The digital society is a society in transformation. Digital technologies play an important role in our everyday lives and provide us with a whole range of new options. Science Year 2014 „The Digital Society“ showed how research can produce new solutions to promote this development and focuses on the impact of the digital revolution.
Welcome slogan on a display
It explored how we as individuals and a society are changing as a result of digitalization. Science Year 2014 invited people to discuss the major challenges of the digital society. How can we secure our privacy? Can the world’s collective body of knowledge soon be stored on a hard drive? Will sharing be the shopping of the future?
The debate about these and many other issues was structured as follows:
Digital life
Our communication culture has undergone fundamental change. How do we communicate on the web? What tools do we use to improve data security? Science Year 2014 addressed these and other topics, for example the forms of political participation: Will we experience more direct participation in an e-democracy?
Digital economy
The economic system has also changed fundamentally in recent years. Industry 4.0 involves an Internet of Things which merges the real with the virtual world. What are we doing to prepare for tomorrow’s digital working world? How are working conditions changing?
Digital knowledge
Children nowadays are becoming familiar with digital technologies such as laptops and smartboards upon entering school, if not before. What will future learning look like? Will people actually be less smart because everything can be googled? Or does the digital revolution only just require another type of intelligence?

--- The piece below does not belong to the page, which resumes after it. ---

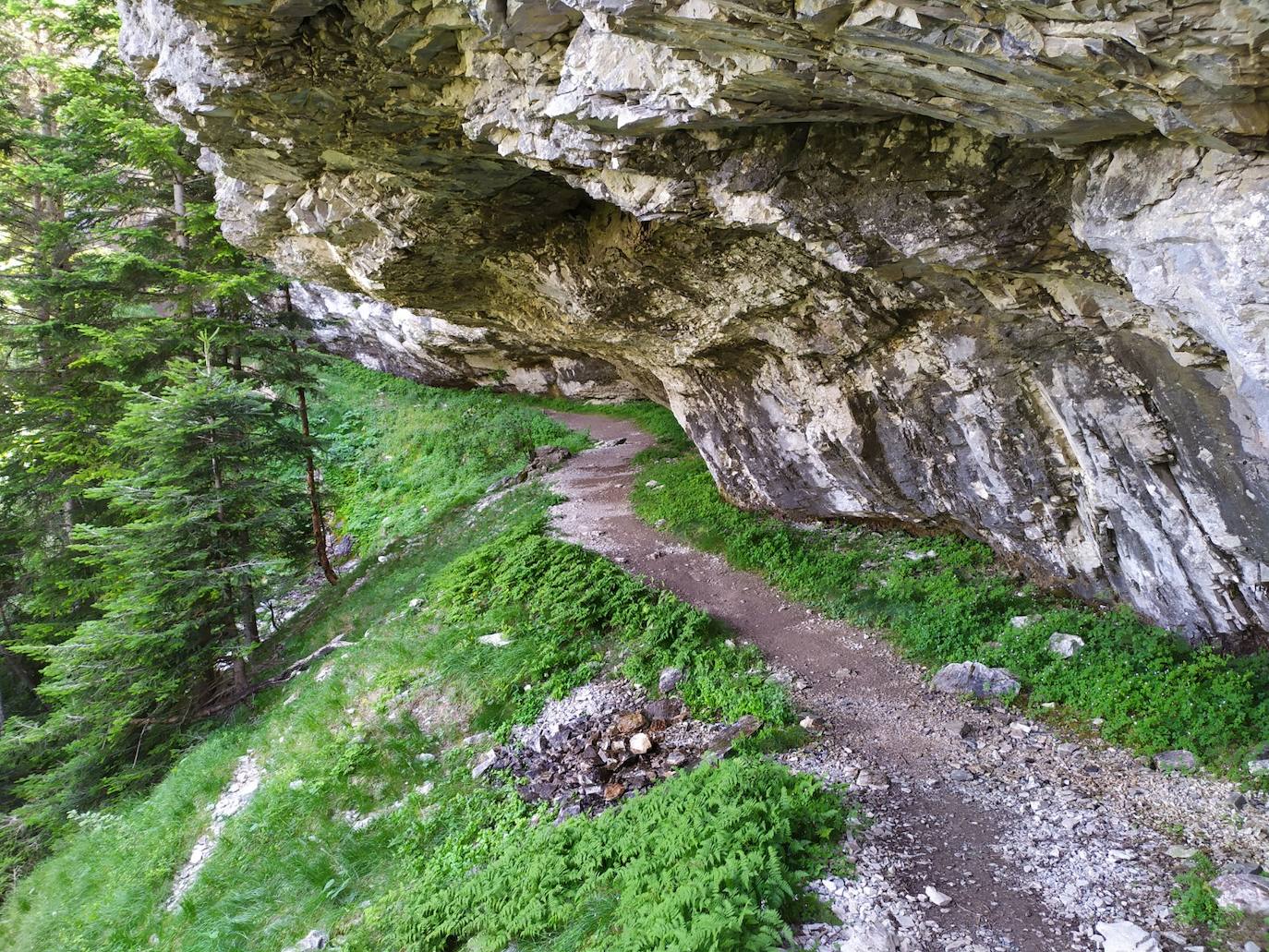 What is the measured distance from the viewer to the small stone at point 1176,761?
6.79 metres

Various events during Science Year 2014 encouraged dialogue between the scientific community and the general public. The Year started with a programme of learning through cinema. It featured films selected by media educators which show various aspects of the digital society.

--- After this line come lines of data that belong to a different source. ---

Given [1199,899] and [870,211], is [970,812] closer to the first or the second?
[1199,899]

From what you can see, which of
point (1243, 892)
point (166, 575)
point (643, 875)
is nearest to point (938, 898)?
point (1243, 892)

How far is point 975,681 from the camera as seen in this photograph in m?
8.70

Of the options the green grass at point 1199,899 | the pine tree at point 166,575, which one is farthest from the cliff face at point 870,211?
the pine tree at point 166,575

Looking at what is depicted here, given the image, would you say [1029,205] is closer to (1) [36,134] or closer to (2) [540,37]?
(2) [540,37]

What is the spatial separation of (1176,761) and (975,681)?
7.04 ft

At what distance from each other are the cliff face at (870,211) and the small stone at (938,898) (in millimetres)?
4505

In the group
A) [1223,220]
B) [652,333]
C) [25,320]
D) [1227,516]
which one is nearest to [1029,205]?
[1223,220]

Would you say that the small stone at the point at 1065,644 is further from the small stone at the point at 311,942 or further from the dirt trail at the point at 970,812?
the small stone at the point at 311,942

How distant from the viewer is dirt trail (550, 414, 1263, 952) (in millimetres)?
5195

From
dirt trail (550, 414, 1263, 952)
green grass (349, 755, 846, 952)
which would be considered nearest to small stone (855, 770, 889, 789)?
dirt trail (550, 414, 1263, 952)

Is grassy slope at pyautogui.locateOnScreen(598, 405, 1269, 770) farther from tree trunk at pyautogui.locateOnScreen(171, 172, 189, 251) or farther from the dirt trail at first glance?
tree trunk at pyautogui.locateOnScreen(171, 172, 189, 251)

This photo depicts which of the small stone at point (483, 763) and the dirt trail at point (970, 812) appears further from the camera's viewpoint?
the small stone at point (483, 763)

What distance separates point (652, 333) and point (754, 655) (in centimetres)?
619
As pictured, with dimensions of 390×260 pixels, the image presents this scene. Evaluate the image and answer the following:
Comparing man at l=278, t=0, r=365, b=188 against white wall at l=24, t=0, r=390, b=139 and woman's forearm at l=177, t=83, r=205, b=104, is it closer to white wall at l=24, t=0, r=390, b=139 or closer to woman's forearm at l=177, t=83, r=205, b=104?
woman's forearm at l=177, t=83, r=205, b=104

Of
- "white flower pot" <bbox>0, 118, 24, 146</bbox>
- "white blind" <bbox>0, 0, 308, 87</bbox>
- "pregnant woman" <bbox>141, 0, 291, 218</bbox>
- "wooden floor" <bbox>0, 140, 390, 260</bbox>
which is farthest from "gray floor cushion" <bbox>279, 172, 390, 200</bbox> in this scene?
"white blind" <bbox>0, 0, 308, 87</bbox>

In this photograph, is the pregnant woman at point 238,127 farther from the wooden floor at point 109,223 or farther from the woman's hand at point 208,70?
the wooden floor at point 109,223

The Science Year exhibition ship MS Wissenschaft started its tour of many German cities in May. Visitors could enjoy interactive digital society exhibits on board.
Throughout the Science Year, the Forschungsbörse contact platform provided valuable assistance for researchers as well as local initiatives and schools which wanted to invite researchers for an interview. Furthermore, discussion events and competitions were held all over Germany to reflect on the consequences of digitalization.
The Science Years are a joint initiative of the Federal Ministry of Education and Research (BMBF) and Wissenschaft im Dialog (WiD). The Science Years have been promoting exchange between society and the research community since 2000.